Two an a half years ago, just as I was about to launch this website and formally begin the HerSayMedia journey, the world shut down. Social encounters stopped, human contact itself being potentially deadly. Unimaginable numbers of people went on to die.
In the weeks leading to 23 March 2020, when the British lockdown came into force, I had been planning a media training workshop for trade experts. It was a group of female economists who belonged to an online network and were converging on London for the first time.
Delegates from Canada, Belgium and various other countries started dropping out due to new travel restrictions. Then, a week before the official order to stay at home, the venue we had booked cancelled the engagement and shut down. I wrote to the rest of the group to suggest we postpone our plans and wait for the wave to pass. “See you in a few weeks” we told each other in the emails that followed.
It seemed impossible that the medieval plague seen on our TV screens engulfing Italy would soon be on our shores. It also seemed inevitable. I’m only beginning to realise now how much time we ended up living suspended between these two states in the thirty months that followed. It is still too hard, at some level, to put one’s arms around the experience.
Twenty twenty-one brought a very enjoyable temporary stint at the British Academy – entirely remotely as new waves of infection raged on.
From my perch there (and by ‘there’ I mean sitting in a hastily purchased office chair at my kitchen table) I saw remarkable changes in the way news interviews were conducted and witnessed the public rise of some truly amazing female experts in epidemiology, mathematical modelling and public health.
My observations about this period could fill ten blogposts but as I relaunch HerSayMedia I wanted to focus on just a few.
Communication is not broadcasting. Nightly the Government reeled off instructions to the nation from a podium, with the aim to show themselves busy and in charge, the focus firmly on (often questionable) good news announcements. But all day long, on every news programme, experts explained the latest data and the evolving situation to the best of their knowledge and ability at that point, acknowledged people’s frustrations and fears and gently dealt with interviewers’ wishful thinking.
I’m thinking of sad-eyed Prof Christina Pagel, director of UCL's Clinical Operational Research Unit and a member of Independent SAGE, patiently explaining infection curves to broadcasters pushing for early re-openings and a bit of patriotic boosterism.

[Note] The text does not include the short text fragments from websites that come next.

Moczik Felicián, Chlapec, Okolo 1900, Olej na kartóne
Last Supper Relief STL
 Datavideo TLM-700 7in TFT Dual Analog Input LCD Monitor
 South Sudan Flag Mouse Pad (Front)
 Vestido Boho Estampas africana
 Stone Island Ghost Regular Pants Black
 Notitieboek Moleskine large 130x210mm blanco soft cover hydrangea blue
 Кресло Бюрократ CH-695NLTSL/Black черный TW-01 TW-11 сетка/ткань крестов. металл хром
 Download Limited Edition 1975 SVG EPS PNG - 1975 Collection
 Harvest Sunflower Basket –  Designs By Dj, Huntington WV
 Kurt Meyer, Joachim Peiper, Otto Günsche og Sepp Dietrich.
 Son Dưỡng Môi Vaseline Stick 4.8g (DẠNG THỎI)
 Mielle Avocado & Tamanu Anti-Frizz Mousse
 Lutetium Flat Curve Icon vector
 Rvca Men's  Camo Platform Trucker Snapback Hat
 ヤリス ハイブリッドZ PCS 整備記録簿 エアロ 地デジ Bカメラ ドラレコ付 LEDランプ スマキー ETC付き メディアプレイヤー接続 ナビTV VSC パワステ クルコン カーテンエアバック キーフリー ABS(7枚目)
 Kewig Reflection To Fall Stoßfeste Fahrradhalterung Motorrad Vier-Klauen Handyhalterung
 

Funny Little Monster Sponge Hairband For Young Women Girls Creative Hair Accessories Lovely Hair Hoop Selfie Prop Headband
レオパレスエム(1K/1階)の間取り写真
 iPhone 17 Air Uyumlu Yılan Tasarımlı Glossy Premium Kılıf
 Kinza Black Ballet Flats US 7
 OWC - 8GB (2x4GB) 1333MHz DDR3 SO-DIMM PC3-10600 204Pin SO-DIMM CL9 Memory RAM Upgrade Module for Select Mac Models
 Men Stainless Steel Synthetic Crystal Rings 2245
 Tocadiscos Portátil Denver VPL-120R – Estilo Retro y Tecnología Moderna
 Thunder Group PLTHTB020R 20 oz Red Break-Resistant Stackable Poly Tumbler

Good communication requires compassion. You can take a hundred media training courses to learn what to wear, how to hone your message, what to do with your hands. But no one can teach you how to show you care about the people at the other side of the information you’re sharing, especially if you don’t. Good expert communication is not point-scoring, showing off how much you know or how right you are/were. It involves putting yourself in the shoes of your inexpert, fascinated or frightened audience and talking to them like human beings you care about. A few men do this effectively – Money Saving expert Martin Lewis springs to mind. All really good female experts somehow manage to.
I’m thinking of Prof. Devi Sridhar, who holds a Personal Chair in Global Public Health at the University of Edinburgh, changing the pictures in the background wall of her house at each Zoom interview to keep the children watching entertained (a young viewer spotted this pattern and their parents were delighted when Sridhar confirmed this was intentional).
Authority does not reside in the setting. The then Prime Minister Boris Johnson, standing nightly in a £2.6m Briefing Room at a lectern festooned in crime scene tape-like warnings, saw his authority ebb with each new killer wave he had been telling us would not happen.
Meanwhile tired experts in drab casual gear spoke to us from their cluttered kitchen and messy bedrooms, their clip-frame art and their children’s sports trophies peeking in the background.
The public increasingly sensed the difference, I think, between those wanting to appear in charge and give good news and those spending every waking hour of their day applying actual expertise to a stream of non-compliant datasets.
Although Covid keeps being described as being ‘over’ the pandemic is ongoing and we still don’t know how ‘this’ ends. New disasters are befalling our nation: the threat of fiscal and financial meltdown, the spectre of blackouts. The thing is, it never ends. Life is continuously challenging and endlessly interesting and strange and scary.
We need, more than ever, compassionate and engaging experts on our screens to help us make sense of the world to the best of their knowledge and ability at any given point. Be that expert.